A complexidade emergente é algo até que bastante discutido dentro da área de game design sob a perspectiva mecânica. Entretanto, Pokémon é um ótimo exemplo de emergência de padrões complexos através da união de elementos narrativos simples — uma narrativa emergente, digamos assim.

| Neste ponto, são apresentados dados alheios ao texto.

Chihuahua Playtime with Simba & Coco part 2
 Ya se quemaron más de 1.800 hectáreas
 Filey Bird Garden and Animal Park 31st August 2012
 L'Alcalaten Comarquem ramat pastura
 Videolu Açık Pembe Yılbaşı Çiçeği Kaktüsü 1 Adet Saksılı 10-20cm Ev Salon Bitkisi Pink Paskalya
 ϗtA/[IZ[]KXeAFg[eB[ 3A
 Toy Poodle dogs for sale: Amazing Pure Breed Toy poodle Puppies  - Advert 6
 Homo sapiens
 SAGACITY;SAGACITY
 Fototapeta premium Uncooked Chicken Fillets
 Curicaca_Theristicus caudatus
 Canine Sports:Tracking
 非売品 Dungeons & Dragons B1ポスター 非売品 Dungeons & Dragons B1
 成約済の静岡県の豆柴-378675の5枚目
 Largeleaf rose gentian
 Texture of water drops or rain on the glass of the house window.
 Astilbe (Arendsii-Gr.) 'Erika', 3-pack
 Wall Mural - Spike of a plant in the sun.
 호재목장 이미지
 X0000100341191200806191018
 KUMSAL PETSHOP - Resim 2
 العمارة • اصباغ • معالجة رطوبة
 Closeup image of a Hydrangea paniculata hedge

Sejamos sinceros: a história da franquia não é só simples, é simplória. Desde Red & Blue as mesma trama é usada e abusada com poucas variações. Você é escolhido para se tornar um Treinador Pokémon, deve catalogar todos os monstrinhos enquanto vence os ginásios para avançar e derrotar a nova Equipe Rocket do pedaço no meio do caminho. O enredo cumpre seu papel e possui personagens carismáticos, mas não ganharia nenhum prêmio de melhor roteiro.
Pelo menos é melhor que o anime.

Apesar dessa trama confinada, a série conseguiu, com o decorrer dos anos, criar uma mitologia própria através de seus… Pokémon. Cada monstrinho tem uma pequena descrição na Pokédex, com alguma curiosidade sobre ele, peso, altura e tipos. São entradas simples, muitas com no máximo duas linhas.


Mas são mais de 2000 descrições simples — duas para cada Pokémon, com criaturas antigas recebendo novas entradas a cada geração e remake. Esses inúmeros elementos narrativos básicos estão todos interligados entre si. Ao se unir essas pequenas histórias, um padrão muito mais complexo do que sua trama simplória pode demonstrar acaba emergindo.
Outros jogos fazem uso de uma abordagem narrativa similar. Um exemplo recente e cultuado é Dark Souls, que tem muito de sua ambientação e história espalhadas em várias descrições curtas de itens. As comunidades de ambas franquias, claro, tem grande ação para que essas histórias realmente apareçam e as estendem, com teorias, fanfics, creepypastas e wikias.


Pokémon pode não ter uma trama elaborada e cheia de reviravoltas, mas quem precisa disso quando se tem uma verdadeira mitologia movendo a história, com mitos de criação, relações entre diferentes espécies, criaturas com efeitos gigantescos no mundo e muitas outras coisas? Não é à toa que quando várias pessoas jogaram Red & Blue ao mesmo tempo, pelo menos umas três religiões surgiram da brincadeira.